= Γ-Lactone =

γ-Lactones are a family of organic compounds with the formula cyclo-O=COCHRCH2CH2. The parent member is γ-butyrolactone (R = H). A commercially important set of γ-lactones are derived from the free radical addition of fatty alcohols and acrylic acid.

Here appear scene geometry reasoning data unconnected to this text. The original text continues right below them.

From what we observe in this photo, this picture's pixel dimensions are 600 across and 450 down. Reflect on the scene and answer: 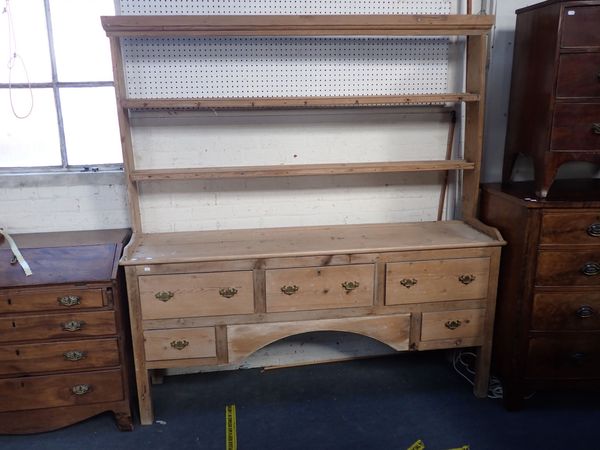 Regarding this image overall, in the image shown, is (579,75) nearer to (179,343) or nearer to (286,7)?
(286,7)

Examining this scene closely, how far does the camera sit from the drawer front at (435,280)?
214cm

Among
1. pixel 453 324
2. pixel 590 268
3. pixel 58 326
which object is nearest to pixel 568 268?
pixel 590 268

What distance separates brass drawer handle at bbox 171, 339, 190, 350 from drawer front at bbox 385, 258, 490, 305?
0.90 m

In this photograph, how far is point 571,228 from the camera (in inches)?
80.6

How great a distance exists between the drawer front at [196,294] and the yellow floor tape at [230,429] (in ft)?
1.77

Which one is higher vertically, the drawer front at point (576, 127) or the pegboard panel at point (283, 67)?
the pegboard panel at point (283, 67)

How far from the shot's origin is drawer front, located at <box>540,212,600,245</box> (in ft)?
6.66

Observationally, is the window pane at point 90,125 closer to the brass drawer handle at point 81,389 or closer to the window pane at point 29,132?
the window pane at point 29,132

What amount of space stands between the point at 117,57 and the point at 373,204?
1.41 metres

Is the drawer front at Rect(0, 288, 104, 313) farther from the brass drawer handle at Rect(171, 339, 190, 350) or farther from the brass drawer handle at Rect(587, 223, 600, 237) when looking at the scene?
the brass drawer handle at Rect(587, 223, 600, 237)

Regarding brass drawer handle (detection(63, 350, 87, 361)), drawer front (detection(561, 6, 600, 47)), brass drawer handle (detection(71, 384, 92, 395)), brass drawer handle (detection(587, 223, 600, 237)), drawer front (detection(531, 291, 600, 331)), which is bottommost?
brass drawer handle (detection(71, 384, 92, 395))

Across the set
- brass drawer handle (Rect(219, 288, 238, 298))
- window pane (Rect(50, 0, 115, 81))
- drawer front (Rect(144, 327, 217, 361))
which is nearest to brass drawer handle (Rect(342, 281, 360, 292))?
brass drawer handle (Rect(219, 288, 238, 298))

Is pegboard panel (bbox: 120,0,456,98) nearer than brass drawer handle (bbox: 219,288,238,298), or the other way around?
brass drawer handle (bbox: 219,288,238,298)

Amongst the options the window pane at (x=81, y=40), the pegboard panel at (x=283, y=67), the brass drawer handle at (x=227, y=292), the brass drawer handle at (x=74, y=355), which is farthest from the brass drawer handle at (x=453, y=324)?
the window pane at (x=81, y=40)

They are all weakly volatile liquids, which are colorless when pure, but typical samples are not.

Some γ-lactone fragrances
| Name | Formula | Registry number | Notes |
|---|---|---|---|
| γ-Octalactone | C_{8}H_{14}O_{2} | 104-50-7 | fruity |
| γ-Nonalactone | C_{9}H_{16}O_{2} | 104-61-0 | coconut-like |
| γ-Decalactone | C_{10}H_{18}O_{2} | 706-14-9 | peach flavors |
| γ-Undecalactone | C_{11}H_{20}O_{2} | 104-67-6 | peach flavors |
| β-Methyl-γ-octalactone | C_{9}H_{16}O_{2} | 39212-23-2 | whisky lactone |

==Production==
Chemical, biological, and hybrid routes have been developed for these fragrances. Some fungal enzymes hydroxylate fatty acids, leading to the corresponding lactones. In terms of chemical routes, fatty alcohols undergo free radical addition to acrylic acid, giving hydroxy carboxylic acids, which spontaneously lactonize.